For more than a decade, Affinity was the rebel of professional design software: a serious, Adobe-grade toolkit you could buy once and own forever. No subscription, no recurring bill, just a $69.99 one-time purchase per app. In October 2025, that story changed in the most dramatic way possible — Canva, which acquired Affinity's maker Serif in 2024, made the entire suite **completely free**.
If you've been paying Adobe $22.99 a month for a single app — or $69.99 a month for the full Creative Cloud lineup — this is worth paying attention to.
What actually changed
Affinity used to ship as three separate apps: Designer (vector), Photo (raster), and Publisher (layout). Each was sold individually as a one-time purchase. As of the October 2025 relaunch, Canva discontinued those standalone products and folded all three into a **single unified app simply called Affinity** — and dropped the price to zero.
That's not a free trial or a stripped-down "lite" tier. It's the full professional toolset: the pen tool, boolean operations, non-destructive raster editing, CMYK and print-ready output, and the genuinely useful ability to switch between vector, pixel, and layout modes inside one document. The thing designers historically paid for is now the free product.
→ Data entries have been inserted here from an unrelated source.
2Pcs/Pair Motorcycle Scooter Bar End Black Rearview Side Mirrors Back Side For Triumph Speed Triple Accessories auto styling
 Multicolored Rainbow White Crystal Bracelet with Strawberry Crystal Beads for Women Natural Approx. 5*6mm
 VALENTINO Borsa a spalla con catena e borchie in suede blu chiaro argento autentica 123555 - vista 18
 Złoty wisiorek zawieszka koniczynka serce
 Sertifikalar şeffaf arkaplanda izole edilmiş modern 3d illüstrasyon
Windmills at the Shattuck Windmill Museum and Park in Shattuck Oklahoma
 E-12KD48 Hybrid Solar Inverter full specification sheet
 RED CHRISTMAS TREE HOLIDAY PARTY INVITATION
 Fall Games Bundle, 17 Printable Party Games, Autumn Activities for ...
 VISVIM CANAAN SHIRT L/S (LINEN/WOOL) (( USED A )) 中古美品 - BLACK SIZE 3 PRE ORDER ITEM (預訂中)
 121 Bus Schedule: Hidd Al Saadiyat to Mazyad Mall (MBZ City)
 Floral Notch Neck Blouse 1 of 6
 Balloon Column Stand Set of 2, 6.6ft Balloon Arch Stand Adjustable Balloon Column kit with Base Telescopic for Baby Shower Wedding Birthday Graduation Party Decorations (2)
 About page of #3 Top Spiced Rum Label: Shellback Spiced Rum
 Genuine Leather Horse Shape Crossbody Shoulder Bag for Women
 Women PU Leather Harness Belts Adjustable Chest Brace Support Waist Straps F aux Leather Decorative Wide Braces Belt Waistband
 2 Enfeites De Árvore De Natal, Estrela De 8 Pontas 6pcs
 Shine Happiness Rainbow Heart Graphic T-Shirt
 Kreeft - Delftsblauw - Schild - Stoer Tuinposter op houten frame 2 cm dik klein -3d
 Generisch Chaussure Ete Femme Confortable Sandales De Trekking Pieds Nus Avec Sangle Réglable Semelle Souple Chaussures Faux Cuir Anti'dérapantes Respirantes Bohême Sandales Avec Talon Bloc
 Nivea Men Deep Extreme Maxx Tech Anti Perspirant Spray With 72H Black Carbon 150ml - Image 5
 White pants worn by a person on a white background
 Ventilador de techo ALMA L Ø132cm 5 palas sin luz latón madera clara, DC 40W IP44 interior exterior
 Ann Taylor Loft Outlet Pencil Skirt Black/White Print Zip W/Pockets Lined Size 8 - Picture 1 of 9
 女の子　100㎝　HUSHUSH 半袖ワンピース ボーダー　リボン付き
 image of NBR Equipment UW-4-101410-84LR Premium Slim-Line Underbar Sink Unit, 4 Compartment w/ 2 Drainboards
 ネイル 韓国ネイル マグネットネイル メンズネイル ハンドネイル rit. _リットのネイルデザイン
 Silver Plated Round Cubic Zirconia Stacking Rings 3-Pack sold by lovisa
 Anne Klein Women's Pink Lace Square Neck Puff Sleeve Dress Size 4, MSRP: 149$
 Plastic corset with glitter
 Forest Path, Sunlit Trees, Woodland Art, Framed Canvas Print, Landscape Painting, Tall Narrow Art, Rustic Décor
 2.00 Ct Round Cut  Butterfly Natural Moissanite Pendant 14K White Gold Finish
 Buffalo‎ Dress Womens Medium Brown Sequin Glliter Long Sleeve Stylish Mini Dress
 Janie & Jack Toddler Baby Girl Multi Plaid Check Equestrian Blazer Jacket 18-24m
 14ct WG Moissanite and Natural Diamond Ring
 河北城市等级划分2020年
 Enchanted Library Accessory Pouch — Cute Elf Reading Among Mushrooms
The catch, such as it is, lives in the business model. Canva isn't running a charity — Affinity is now the on-ramp to Canva's broader ecosystem, and some AI-assisted and cloud features lean on a Canva account. But for the core craft of designing logos, illustrations, layouts, and edited images on a desktop, the price is genuinely nothing.
Why Canva did this
Canva's strategy here is straightforward: own the entire spectrum of design, from the marketer who has never opened a layers panel to the professional who lives in bezier curves. Canva already dominates the template-first, browser-based end of the market with 150 million-plus users. What it lacked was credibility with serious designers who consider Canva a toy.
Affinity buys that credibility instantly. By making it free, Canva removes the single biggest barrier to adoption — cost — and pulls professionals into its orbit. Every designer who installs Affinity is a designer who now has a reason to keep a Canva account open. It's the same playbook that made Figma's free tier so sticky, aimed squarely at the people Adobe has spent years frustrating with price hikes and subscription lock-in.
What it means for the Adobe alternative debate
For years the honest answer to "what's the best Adobe alternative?" came with an asterisk. Affinity was excellent but cost money up front. GIMP and Inkscape were free but rough around the edges. Now there's a free, polished, genuinely professional option that covers vector, raster, and layout in one app.
That reshapes the calculus for a lot of people:
- **Freelancers and students** who balked at Adobe's monthly bill now have a zero-cost path to professional-grade tools.
- **Small studios** can equip an entire team without per-seat licensing math.
- **Occasional designers** who only need to crank out the odd logo or print piece no longer have to rationalize a subscription they barely use.
Adobe still wins where it matters most for power users — deeper feature sets, the industry-standard file formats, the plugin ecosystem, and tight integration across Creative Cloud. Illustrator at $22.99 a month single-app remains the default in agencies and enterprises for a reason. But the "I just can't justify the cost" objection now has a very strong answer, and that answer didn't exist a year ago.
The bigger trend
Affinity going free is part of a broader 2026 reshuffling of the design-tool landscape. InVision shut down its design products entirely at the end of 2024. Uizard was absorbed into Miro. The standalone-tool era is consolidating fast, with a handful of platforms — Adobe, Canva, Figma — racing to own as much of the workflow as possible.
For designers, the short-term win is real: more capability for less money than at almost any point in the field's history. The longer-term question is the one that always follows free software backed by a giant — what happens to the product, and the pricing, once enough people depend on it.
**The takeaway:** if you've been hunting for a way out of Adobe's subscription, download Affinity and try it before anything about that "free" changes.